The heavy machinery maker is looking to smooth volatility in its earnings by selling more parts and services, and said it intends to grow services revenue to $28 billion by 2026, up from $18 billion in 2018 and double what it was in 2016.

Deerfield, Illinois-based Caterpillar's main customers are in businesses like mining and construction, which are prone to wide swings with the business cycle.

"Services will help dampen the impact of cycles, but we will never be immune from the cycle,” Chief Executive Jim Umpleby said at an investor meeting at a Caterpillar equipment factory in Clayton, North Carolina.

Last week the company said about 850,000 of its machines are connected to the cloud, which it sees as a way to sell services to customers. That should grow to 1 million machines by year end, Bob De Lange, group president of services, distribution and digital, said on Thursday.

New Caterpillar machines are dotted with sensors that allow close monitoring and can warn when parts are about to fail.

Caterpillar makes most of its service income from selling spare parts, according to industry analysts. New digital offerings, such as monitoring services that help track the health of machines, are a small but growing revenue source.

Umpleby said the company's network of dealers, which it relies on to deliver and service machines, are participating in the services push and will also see added profits, though he declined to elaborate on that split. He emphasized, however, that the added revenue target for 2026 is for Caterpillar only.

The services business, spread across the company's construction, resource and energy & transportation units, contributed about 33 percent to Caterpillar's $54.7 billion revenue in 2018.

The company announced it will pay a dividend of $1.03 per share, up 20 percent from its previous payout, on Aug. 20 to shareholders at the close of business on July 22. It is targeting at least high single-digit dividend increases in each of the next four years and plans to buy back shares more consistently.

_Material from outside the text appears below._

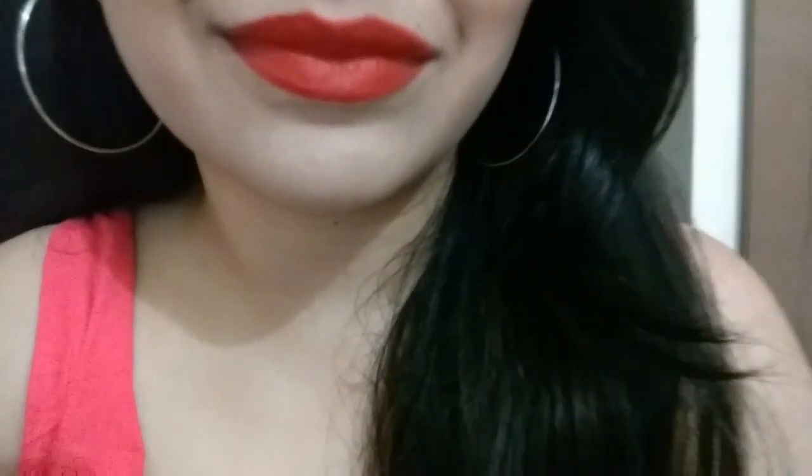Red color really makes your lips pop up. You too can easily make your lips stand out by using this method. It's really simple, really easy and in just less than 5 minutes you have it.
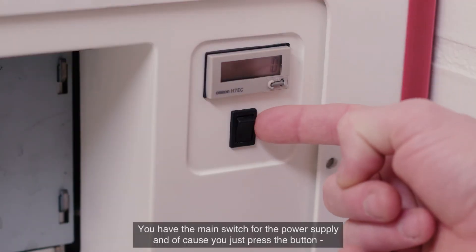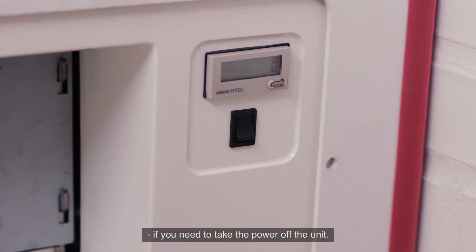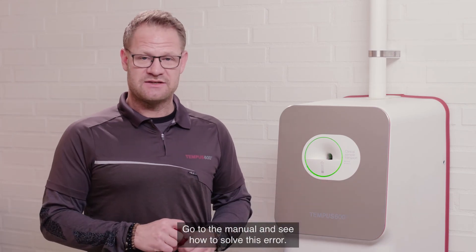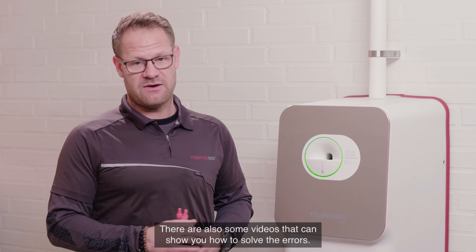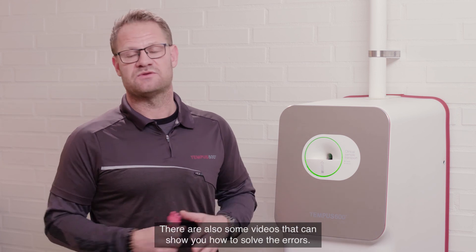You have the main switch for the power supply, and you press this button if you need to take the power off the unit. Go to the manual to see how to solve the error. There are also some videos which can show you how to solve these errors.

Last week, Caterpillar had spooked investors when it reported first-quarter results that showed rising costs hitting margins in its construction equipment business and weak sales in the Asia-Pacific region linked to slow growth in China.

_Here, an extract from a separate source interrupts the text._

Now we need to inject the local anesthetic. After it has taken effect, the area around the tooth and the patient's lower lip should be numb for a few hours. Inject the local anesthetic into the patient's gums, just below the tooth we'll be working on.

Chief Financial Officer Andrew Bonfield said on Thursday that tariffs would cost the company $250 million to $350 million in 2019 if there was no relief.

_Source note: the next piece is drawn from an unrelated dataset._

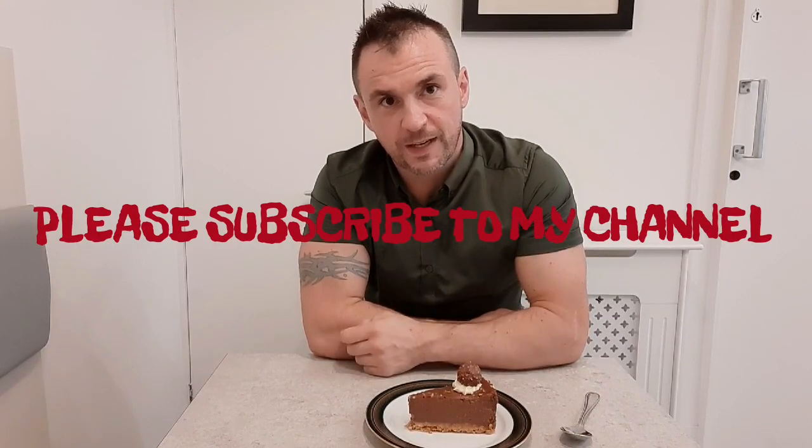Thanks everyone for watching my video today, I hope you liked it. Please give this a go, and if you like my videos please give them a thumbs up and don't forget to subscribe to my channel.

Still, he said Caterpillar is "cautiously optimistic" there will be a resolution of the trade dispute with China.

Caterpillar has raised prices to offset some of the higher costs and pushed efficiency moves at its far-flung network of factories.

The company now has a target for adjusted operating margins of 3 to 6 percentage points above historical performance from 2010 to 2016.

Caterpillar shares ended down 2.2 percent on Thursday.